On Fri, Mar 20, 2026 at 05:48:44PM -0700, Kees Cook wrote:
> In preparation for removing the strlcat API[1], replace the char *pp_buf
> with a struct seq_buf, which tracks the current write position and
> remaining space internally. This allows for:
>
> - Direct use of seq_buf_printf() in place of snprintf()+strlcat()
> pairs, eliminating local tmp buffers throughout.
> - Adjacent strlcat() calls that build strings piece-by-piece
> (e.g., strlcat("["); strlcat(name); strlcat("]")) to be collapsed
> into single seq_buf_printf() calls.
> - Simpler call sites: seq_buf_puts() takes only the buffer and string,
> with no need to pass PAGE_SIZE at every call.
>
> The backing buffer allocation is unchanged (__get_free_page), and the
> output path uses seq_buf_str() to NUL-terminate before passing to
> printk().
Thanks a lot! A few comments below.
Personally I'm in favour of this patch as it also removes a lot of ugly code
(which is scoped string manipulations), FWIW,
Reviewed-by: Andy Shevchenko <[email protected]>
> Link: https://github.com/KSPP/linux/issues/370 [1]

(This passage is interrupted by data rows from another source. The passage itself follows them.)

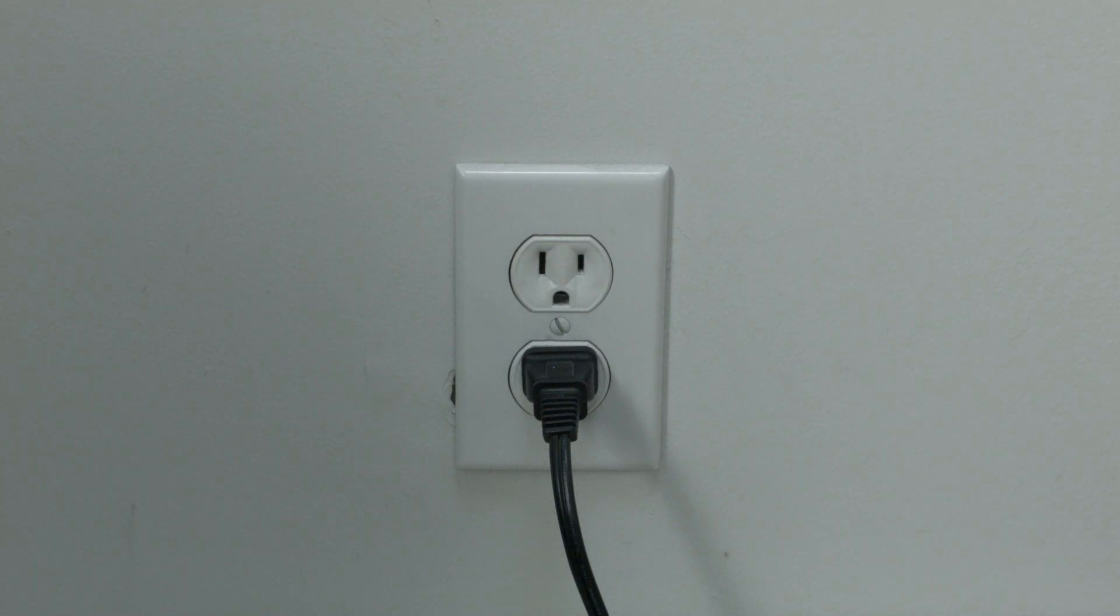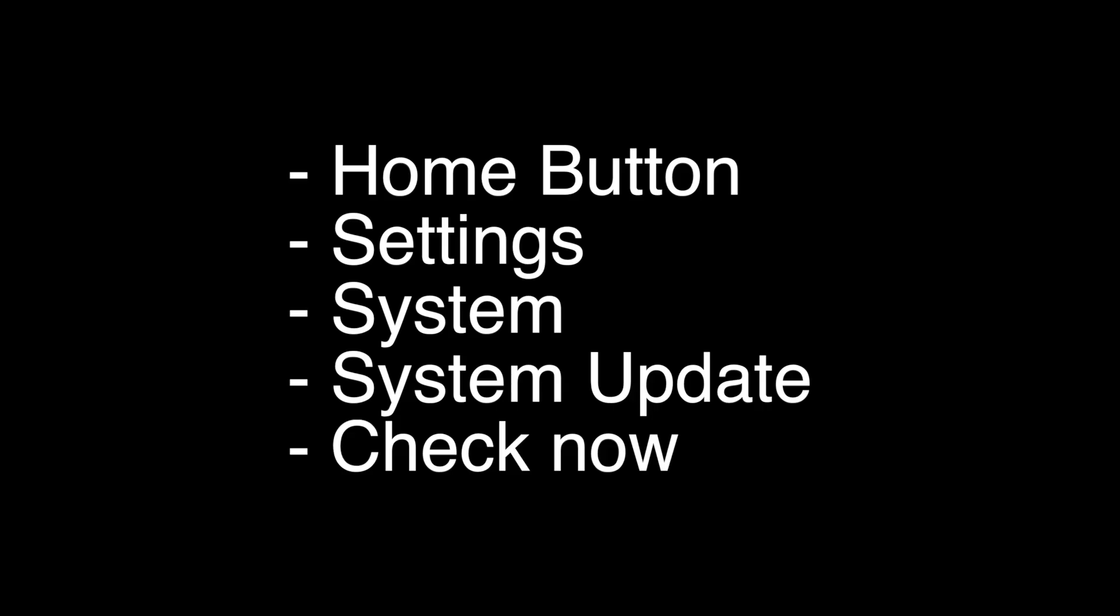To do the update, press the home button on your remote, go to settings, then system, then system update, then hit check now. Your TV will then check for the latest update and install it.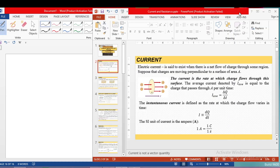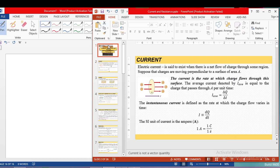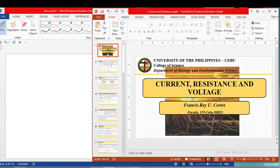Hello everyone. Today we need to discuss an important topic before going on to Kirchhoff's law. We already know what electric field, electrostatic equilibrium, electric potential, properties of capacitors, and dielectrics are. Today we are going to shift from electrostatic conditions to the dynamics of charges — meaning we have to make our charges move. Our first lesson for direct current circuits is all about current, resistance, and voltage — the important variables used to fully describe an electric circuit.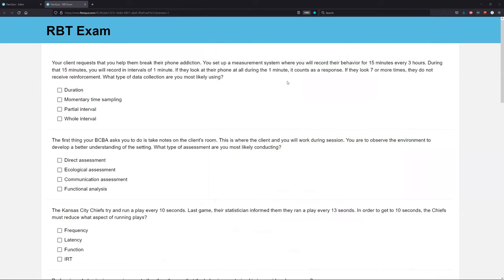A client requests that you help them break their phone addiction. You set up a measurement system where you will record their behavior for every 15 minutes, every three hours. During that 15 minutes, you will record in intervals of one minute. If they look at their phone at all during the one minute, it counts as a response. If they look seven or more times, they do not receive reinforcement. What type of data collection are you most likely using?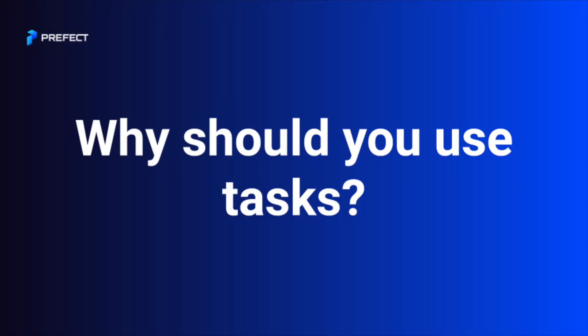Even though you can run a Prefect flow without using tasks, we recommend that you use tasks for the following benefits.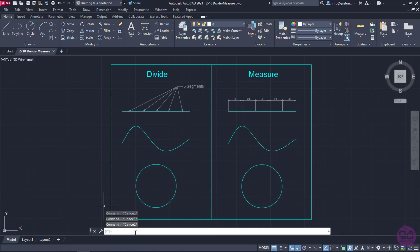Both tools create points along the length or the perimeter of an object. The difference between them is that Divide separates the length or the perimeter of an object into a specific number of segments, while Measure separates the length or the perimeter of an object into segments of a specific length. But it's time to use those two tools in an example so we can understand the difference even better.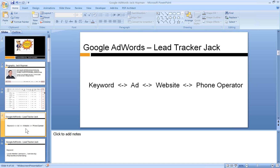There are four elements in AdWords: keyword, ad, website, and the phone operator if it is regarding a call. So keyword, ad, website, and receiver. If you manage those four parts, you can dominate AdWords. I'm going to cover each and every part.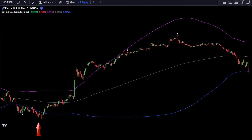If the price candlestick has touched or is in the lower band area, it likely means the price has reached an oversold area. In this position, you will look for a potential reversal indicated by a buy signal from the indicator. If the price candlestick has touched or is in the upper band area, it likely means the price has reached an overbought area, and you will look for a potential reversal indicated by a sell signal. To perfect this strategy, add one more indicator as a confirmation guide for market entries.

> Cc: Andy Shevchenko <[email protected]>
> Cc: Josh Law <[email protected]>
While not long, this still can be placed...
> Signed-off-by: Kees Cook <[email protected]>
> ---
...somewhere here to reduce unneeded noise in the commit message.
> I couldn't help myself. Here's the full patch, as I suggested in
> https://lore.kernel.org/lkml/202603201230.74BBFFABAD@keescook/
> There are plenty more like this to do...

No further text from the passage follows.